We can use the proportion reduction in prediction error from adding those covariates to measure how much those covariates improve the regression’s predictive ability. This value, called the coefficient of determination or \(R^2\), is simply \[ R^2 = \frac{TSS - SSR}{TSS} = 1-\frac{SSR}{TSS}. \] The numerator, \(TSS - SSR\), is the reduction in prediction error moving from \(\overline{Y}\) to \(\X_i'\bhat\) as the predictor. The denominator is the prediction error using \(\overline{Y}\). Thus, the \(R^2\) value is the fraction of the total prediction error eliminated by using \(\X_i\) to predict \(Y_i\). Another way to think about this value is that it measures how much less noisy the residuals are relative to the overall variation in \(Y\). One thing to note is that OLS with covariates will always improve in-sample fit so that \(TSS \geq SSR\) even if \(\X_i\) is unrelated to \(Y_i\). This phantom improvement occurs because the point of OLS is to minimize the SSR, and it will do that even if it is just chasing noise.

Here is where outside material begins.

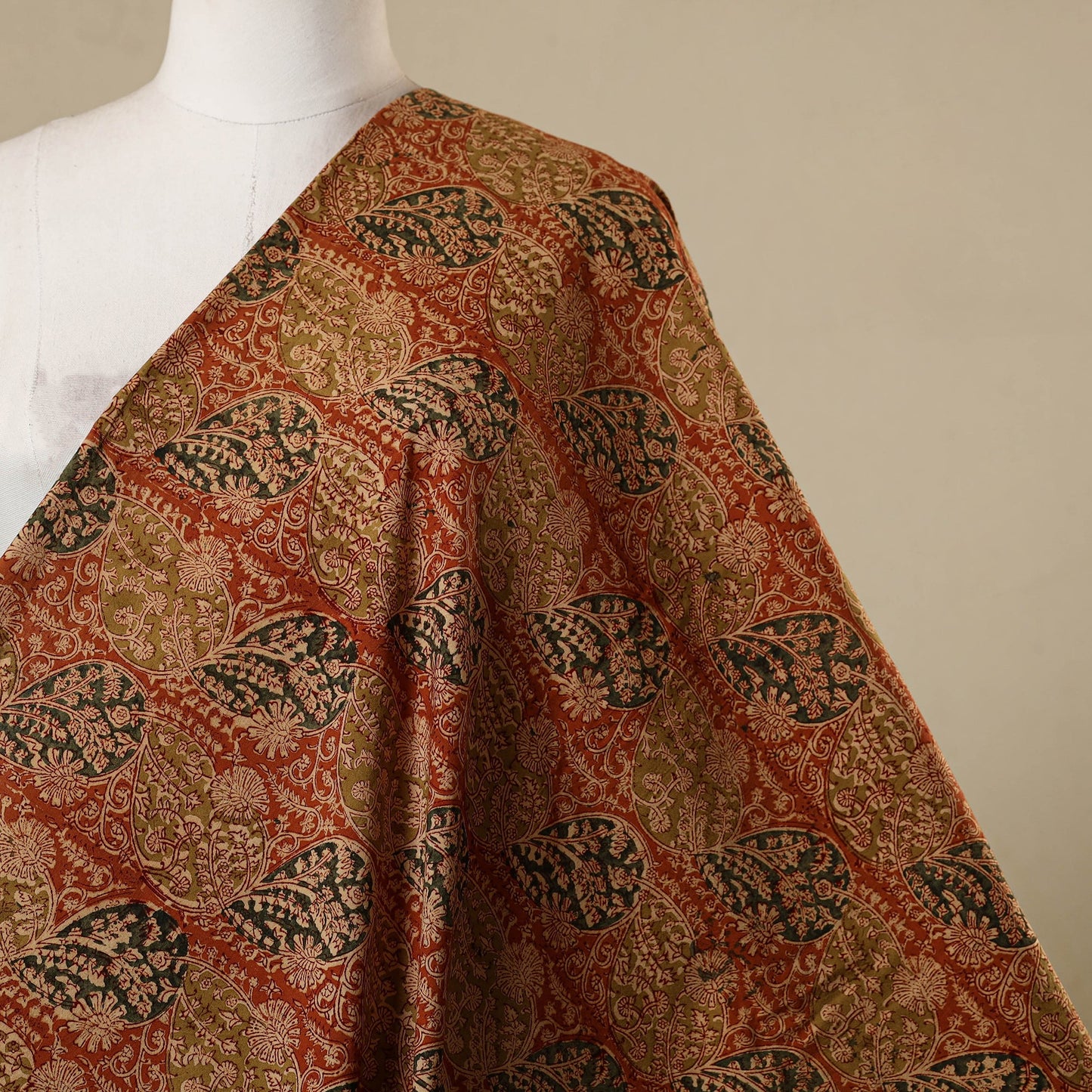 Red - natural dyed cotton pedana kalamkari fabric 03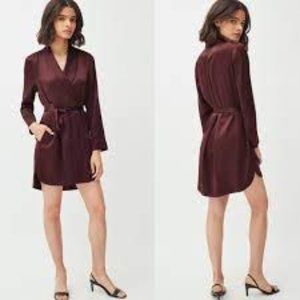Cuyana Plum Washable Silk Belted Robe M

Since regression always improves in-sample fit, \(R^2\) will fall between 0 and 1. A value 0 zero would indicate exactly 0 estimated coefficients on all covariates (except the intercept) so that \(Y_i\) and \(\X_i\) are perfectly orthogonal in the data. (This is very unlikely to occur because there will likely be some minimal but nonzero relationship by random chance.) A value of 1 indicates a perfect linear fit, which occurs when all data points are perfectly predicted by the model with zero residuals.

6.3 Matrix form of OLS

We derived the OLS estimator above using simple algebra and calculus, but a more common representation of the estimator relies on vectors and matrices. We usually write the linear model for a generic unit, \(Y_i = \X_i'\bfbeta + e_i\), but obviously, there are \(n\) of these equations, \[ \begin{aligned} Y_1 &= \X_1'\bfbeta + e_1 \\ Y_2 &= \X_2'\bfbeta + e_2 \\ &\vdots \\ Y_n &= \X_n'\bfbeta + e_n \\ \end{aligned} \] We can write this system of equations more compactly using matrix algebra. Combining the variables here into random vectors/matrices gives us: \[ \mb{Y} = \begin{pmatrix} Y_1 \\ Y_2 \\ \vdots \\ Y_n \end{pmatrix}, \quad \mathbb{X} = \begin{pmatrix} \X'_1 \\ \X'_2 \\ \vdots \\ \X'_n \end{pmatrix} = \begin{pmatrix} 1 & X_{11} & X_{12} & \cdots & X_{1k} \\ 1 & X_{21} & X_{22} & \cdots & X_{2k} \\ \vdots & \vdots & \vdots & \vdots & \vdots \\ 1 & X_{n1} & X_{n2} & \cdots & X_{nk} \\ \end{pmatrix}, \quad \mb{e} = \begin{pmatrix} e_1 \\ e_2 \\ \vdots \\ e_n \end{pmatrix} \] We can write the above system of equations as \[ \mb{Y} = \mathbb{X}\bfbeta + \mb{e}, \] Note that \(\mathbb{X}\) is an \(n \times (k+1)\) matrix and \(\bfbeta\) is a \(k+1\) length column vector.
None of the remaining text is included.